Firth, Antony Julian (1996) Managing archaeology underwater. University of Southampton, Doctoral Thesis.
Abstract
This thesis is addressed to the relationship between state-managed archaeology and control of the past, with particular attention to the rigid association of administration and identity, i.e. nationalism, as manifest in the nation-state. A critical approach is feasible because the management of archaeology underwater is implicated in the reproduction of two fundamental aspects of the nation-state - territoriality and nationality - by virtue of the frequent location of ancient material underwater on the fringes of territory, and of the inter-'national' character of ancient material of maritime origin.

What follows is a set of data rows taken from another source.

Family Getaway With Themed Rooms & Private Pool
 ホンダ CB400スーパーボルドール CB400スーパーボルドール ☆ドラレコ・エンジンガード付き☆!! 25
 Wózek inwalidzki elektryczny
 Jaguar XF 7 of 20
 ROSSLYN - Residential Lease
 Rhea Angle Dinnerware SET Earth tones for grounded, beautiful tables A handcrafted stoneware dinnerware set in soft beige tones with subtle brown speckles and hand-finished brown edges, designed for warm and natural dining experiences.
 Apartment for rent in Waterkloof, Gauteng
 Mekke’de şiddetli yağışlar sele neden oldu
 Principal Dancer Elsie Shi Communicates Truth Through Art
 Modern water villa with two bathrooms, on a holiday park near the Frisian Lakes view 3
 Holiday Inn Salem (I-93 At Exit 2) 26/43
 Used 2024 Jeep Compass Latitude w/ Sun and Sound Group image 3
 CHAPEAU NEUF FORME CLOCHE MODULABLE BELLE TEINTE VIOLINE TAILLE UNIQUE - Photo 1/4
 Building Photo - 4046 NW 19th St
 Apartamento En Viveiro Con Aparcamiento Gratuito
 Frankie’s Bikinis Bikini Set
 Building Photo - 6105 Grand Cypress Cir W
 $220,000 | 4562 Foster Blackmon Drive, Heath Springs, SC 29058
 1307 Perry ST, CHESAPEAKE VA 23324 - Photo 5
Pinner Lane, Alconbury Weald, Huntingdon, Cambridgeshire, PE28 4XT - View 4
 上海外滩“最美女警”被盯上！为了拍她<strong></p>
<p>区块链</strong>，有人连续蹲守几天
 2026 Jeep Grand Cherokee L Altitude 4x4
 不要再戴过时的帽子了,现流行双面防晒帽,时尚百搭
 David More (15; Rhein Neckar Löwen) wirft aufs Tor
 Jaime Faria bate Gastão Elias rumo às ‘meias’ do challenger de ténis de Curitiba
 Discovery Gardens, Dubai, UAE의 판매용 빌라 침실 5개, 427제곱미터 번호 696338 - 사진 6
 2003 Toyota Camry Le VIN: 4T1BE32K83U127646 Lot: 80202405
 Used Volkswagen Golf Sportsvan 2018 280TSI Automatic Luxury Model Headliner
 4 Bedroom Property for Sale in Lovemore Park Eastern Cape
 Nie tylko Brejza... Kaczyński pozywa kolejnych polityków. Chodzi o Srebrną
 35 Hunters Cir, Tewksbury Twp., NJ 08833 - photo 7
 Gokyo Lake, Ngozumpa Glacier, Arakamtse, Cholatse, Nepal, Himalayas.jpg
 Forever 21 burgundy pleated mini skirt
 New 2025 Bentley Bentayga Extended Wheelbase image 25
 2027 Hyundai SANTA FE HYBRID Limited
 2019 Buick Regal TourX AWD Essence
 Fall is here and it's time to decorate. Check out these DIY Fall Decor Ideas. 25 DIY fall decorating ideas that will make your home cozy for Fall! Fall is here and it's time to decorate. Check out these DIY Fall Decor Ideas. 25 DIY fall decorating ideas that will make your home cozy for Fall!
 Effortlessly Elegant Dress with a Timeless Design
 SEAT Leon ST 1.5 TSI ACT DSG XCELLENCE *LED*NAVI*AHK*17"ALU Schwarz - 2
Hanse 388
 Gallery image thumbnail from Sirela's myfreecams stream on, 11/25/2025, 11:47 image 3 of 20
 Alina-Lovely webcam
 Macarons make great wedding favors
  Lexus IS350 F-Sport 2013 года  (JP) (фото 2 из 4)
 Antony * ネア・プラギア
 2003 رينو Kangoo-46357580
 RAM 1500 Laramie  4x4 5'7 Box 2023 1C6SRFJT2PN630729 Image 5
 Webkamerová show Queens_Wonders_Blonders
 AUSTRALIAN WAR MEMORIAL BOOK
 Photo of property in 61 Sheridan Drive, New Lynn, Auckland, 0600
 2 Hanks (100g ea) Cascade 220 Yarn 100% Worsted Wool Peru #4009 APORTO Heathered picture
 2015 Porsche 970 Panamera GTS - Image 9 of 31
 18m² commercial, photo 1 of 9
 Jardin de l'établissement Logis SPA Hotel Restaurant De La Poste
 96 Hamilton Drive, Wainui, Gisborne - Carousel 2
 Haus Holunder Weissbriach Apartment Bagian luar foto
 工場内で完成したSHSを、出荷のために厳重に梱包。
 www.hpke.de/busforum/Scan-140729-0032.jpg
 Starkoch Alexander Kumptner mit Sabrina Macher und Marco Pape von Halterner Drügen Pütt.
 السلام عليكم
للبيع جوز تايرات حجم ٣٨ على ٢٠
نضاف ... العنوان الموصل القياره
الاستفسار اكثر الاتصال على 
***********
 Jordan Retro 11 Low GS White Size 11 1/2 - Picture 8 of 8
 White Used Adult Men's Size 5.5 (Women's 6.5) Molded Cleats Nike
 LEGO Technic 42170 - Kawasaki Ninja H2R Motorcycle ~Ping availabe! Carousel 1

Empirical material is drawn from a comparative analysis of managing archaeology underwater in France, Norway, Sweden, Denmark, the Netherlands, the UK and Ireland and from a historical analysis of the development of management in the UK from the mid 1960s to the mid 1970s. The theoretical basis is drawn from Anthony Giddens' work on modernity, structuration and locale.
Archaeology is shown to be an aspect of modernity that facilitates individuals' trust in the nation-state by presenting a 'reasonable' collective narrative that reconciles individual and abstract at an imaginable scale. The narrative takes effect, in part, through its physical manifestation in everyday environments and through people's behaviour towards ancient material.
Archaeologists and public dwell in preconceptions about the past through their practical experience of ancient material. These preconceptions can affect the introduction of management provisions, so that they become thoroughly structured within implementation, even if the provisions themselves appear 'neutral'. Furthermore, I show that the institutionalisation of preconceptions within management can constrain archaeological research, thus inhibiting the emergence of fresh interpretations.